“Babe, kenapa delete conversation dekat Twitter?”
I don’t know how to explain my actions. I never let a
conversation stay in my timeline. Ever. I delete them a day after I post them.
I hate being judged online. I hate it when people see the
way I speak in real life (because it’s pretty much how I say things online).
This is going to sound weird but I hate being portrayed and seen as ‘fine’. I
hate it when people think that I don’t have a problem.
Most of my tweets and retweets consists of sadness and pain,
about being strong, about being forgotten. And I love them that way. I barely
tweet things myself. I just other people speak for me. I hate to see my own
post on my own timeline. I hate it when I’m not silent.

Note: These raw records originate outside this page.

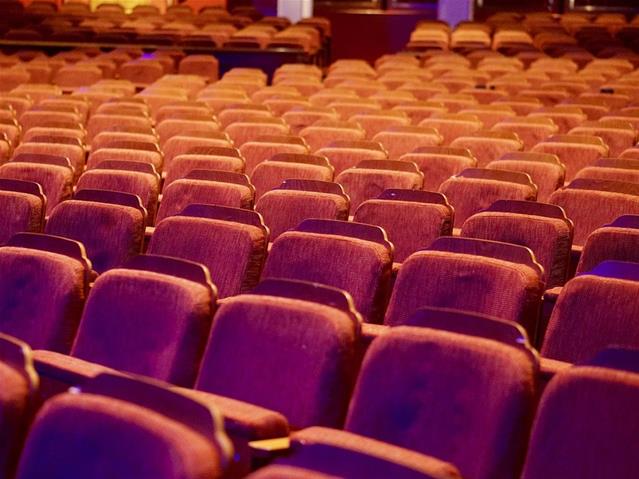 #OFMKunsteklop: Die Ernest Oppenheimer Teater is reg vir Nataniel en Charl du Plessis in Nov | News Article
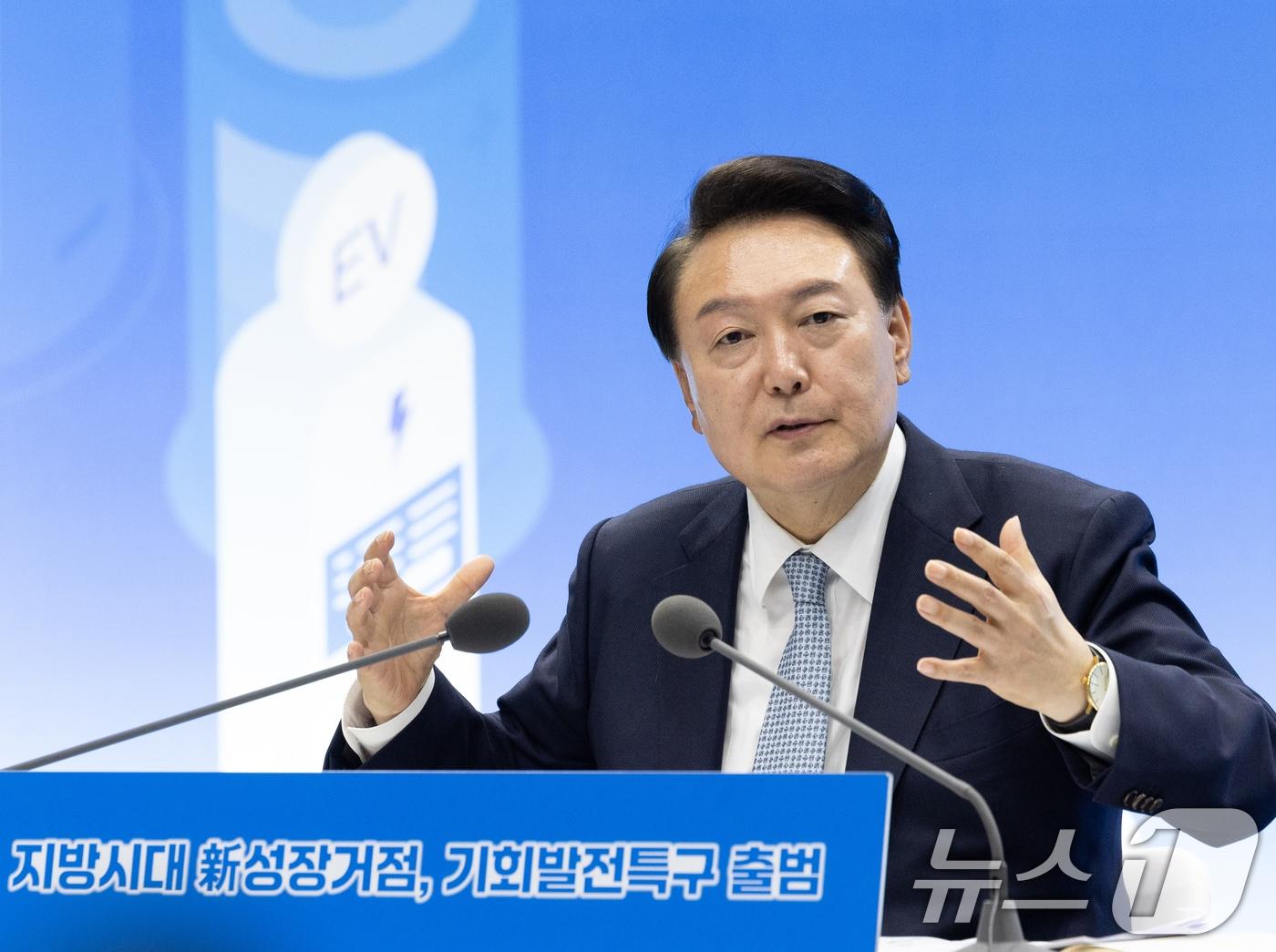 본문 이미지 - 윤석열 대통령이 20일 오후 경북 포항시 블루밸리산단 이차전지종합관리센터에서 열린 제9차 지방시대위원회 회의에서 발언을 하고 있다. (대통령실 제공) 2024.6.20/뉴스1 ⓒ News1 송원영 기자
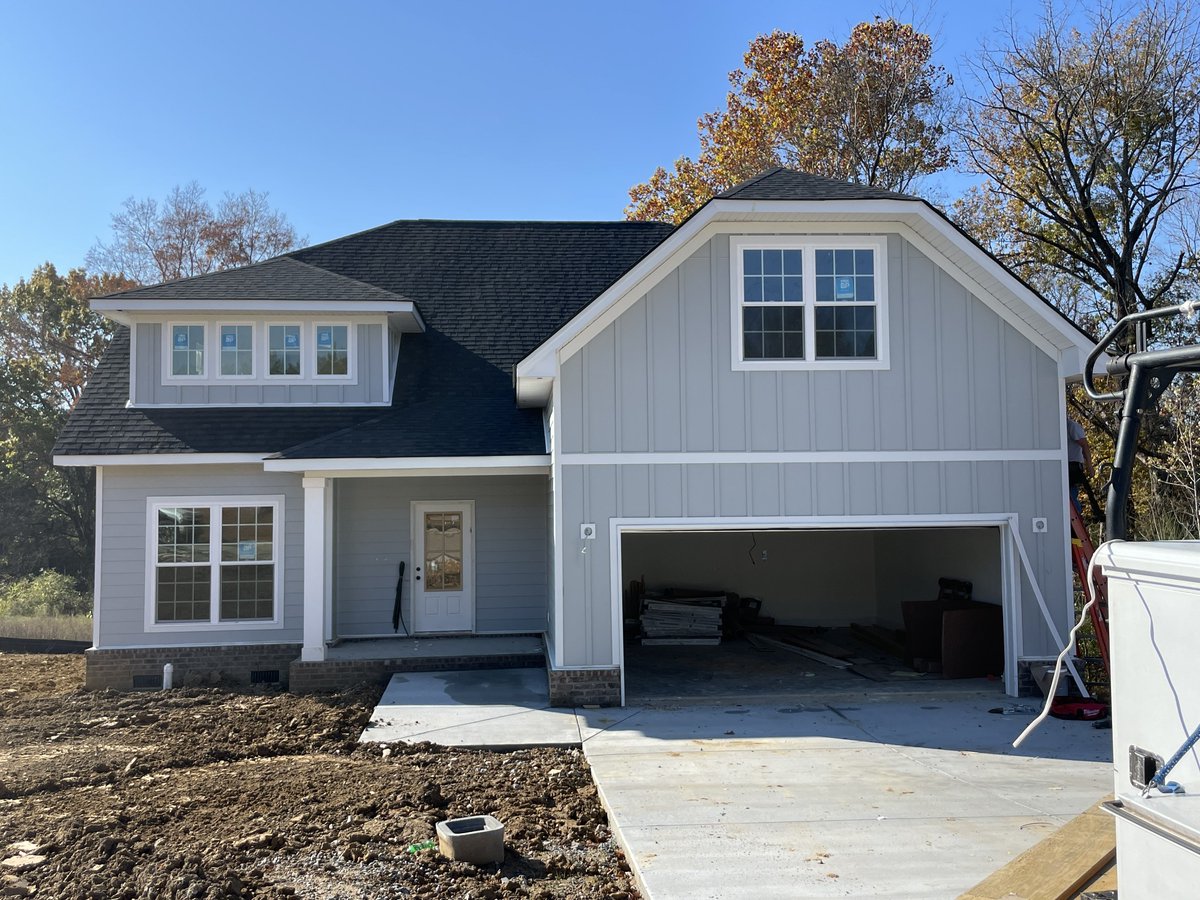 chrisagarrett's tweet photo. Check out my newest listing in #LaVergne! Tell me what you think!  #realestate https://t.co/jrZQPclKJF https://t.co/yc8doYYYoL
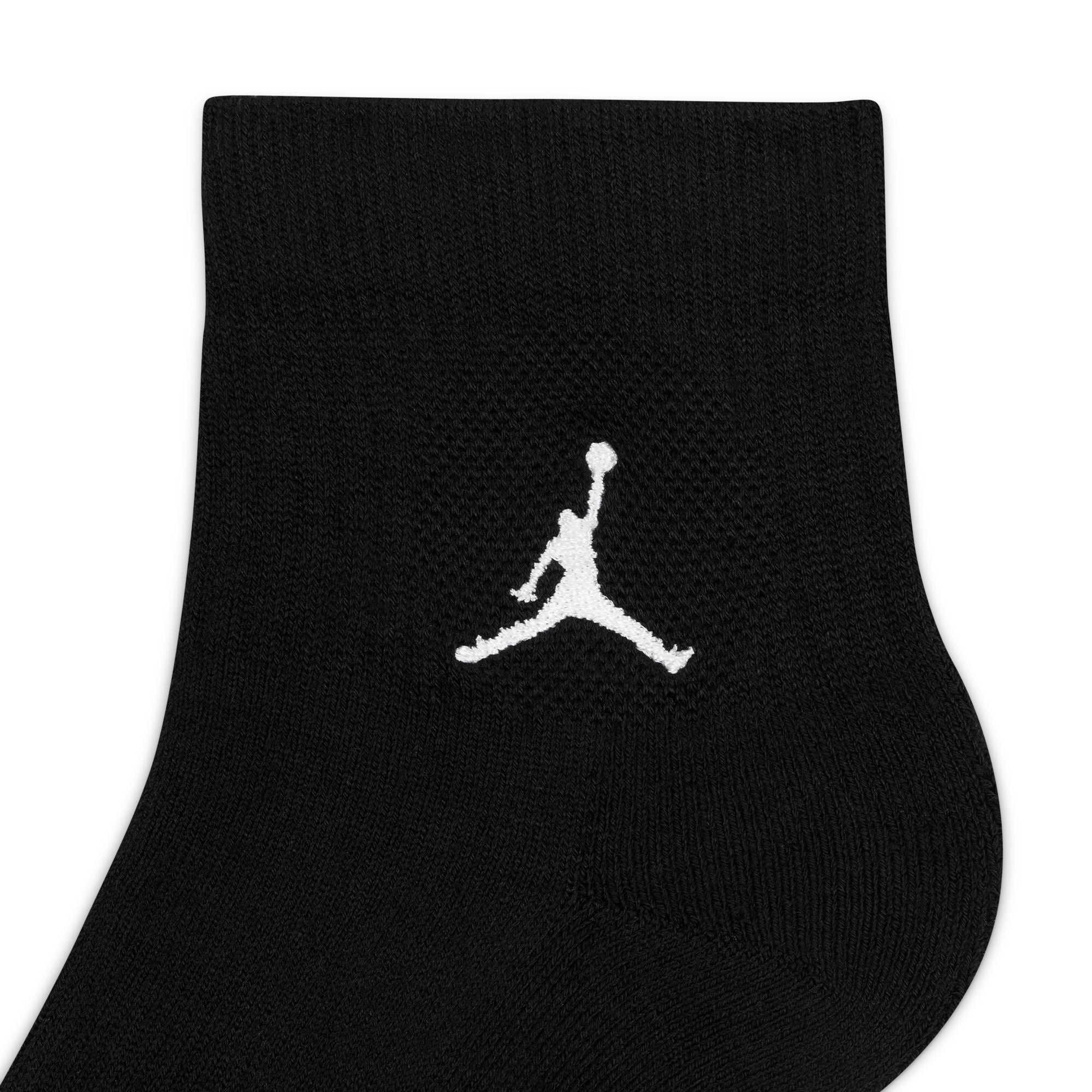JORDAN UNISEX EVERYDAY CUSHIONED ANKLE SOCKS - 3 PACK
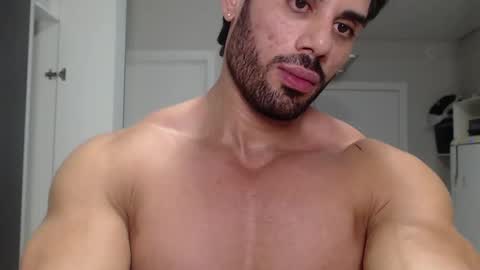 Snapshot of promuscles4u chatting on January 2, 1:17 am promuscles4u online show from January 2, 1:17 am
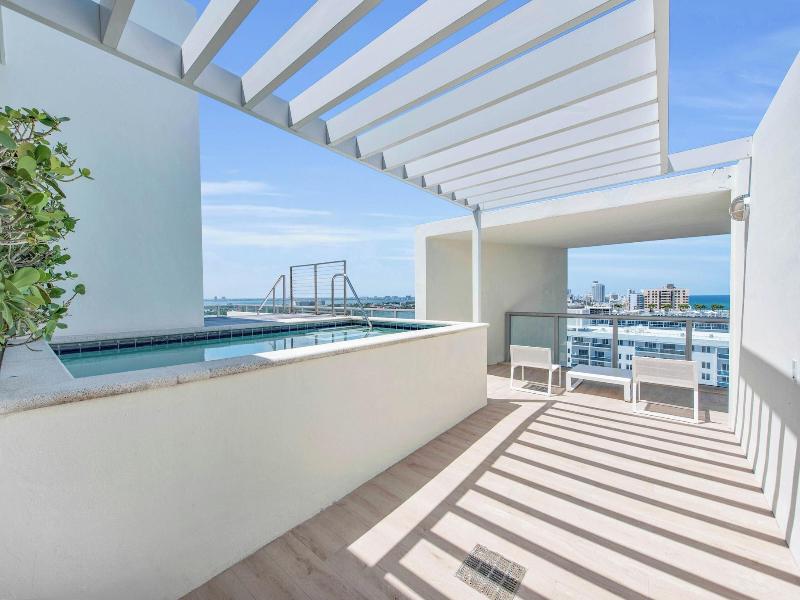 W South Beach image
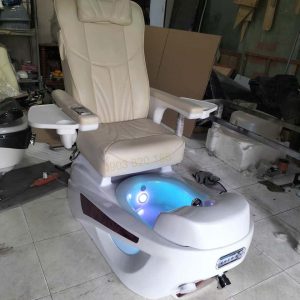 Ghe_nail_pedicure_mau_kem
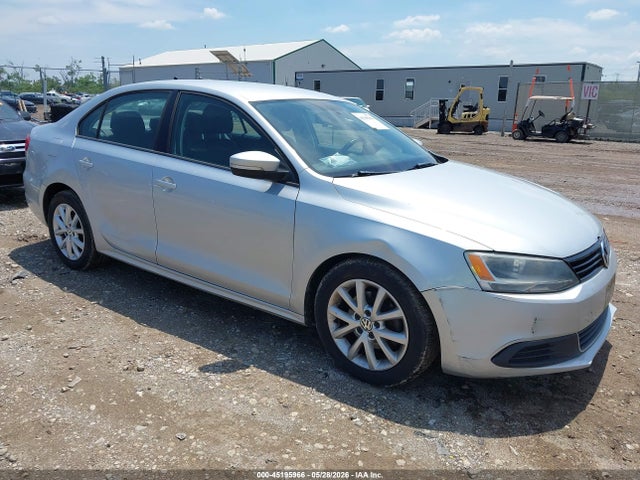 Salvage Volkswagen Jetta Image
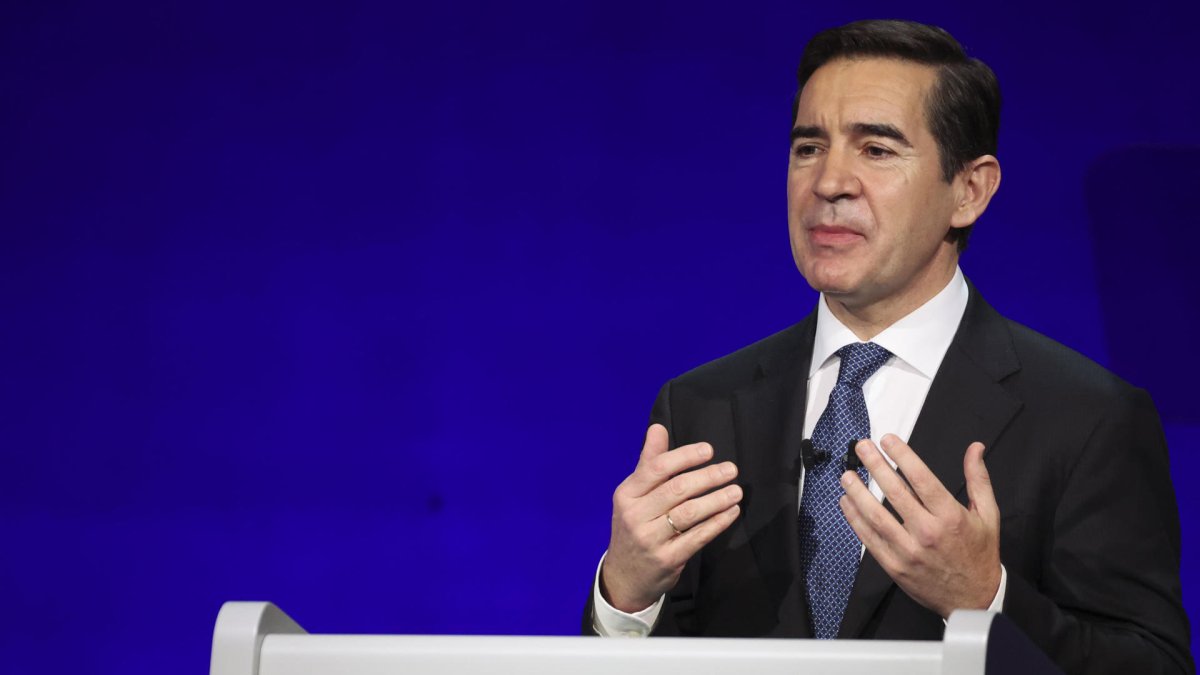 Imagen de archivo del presidente del BBVA, Carlos Torres. EFE/Luis Tejido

I used to think that tweeting about everything everyday was
fun and harmless until I got into a fight with a bunch of people over a bunch
of tweets. I learned my lesson and it changed me. I don’t see the point of
talking if people don’t want to know about it or if it hurts people. I don’t see
the point if telling if it’s only going to make me hurt and uncomfortable.
I have lived in sadness for years, and when I don’t feel it,
I feel nothing. I feel the need to feel sad. I feel the need to be silent. I am
happy in my sorrows.
I’m sorry if anyone ever felt like I don’t care about them
or how rude of me to be deleting the conversations. I mean what I say; I just
don’t feel comfortable enough to let the public know about me.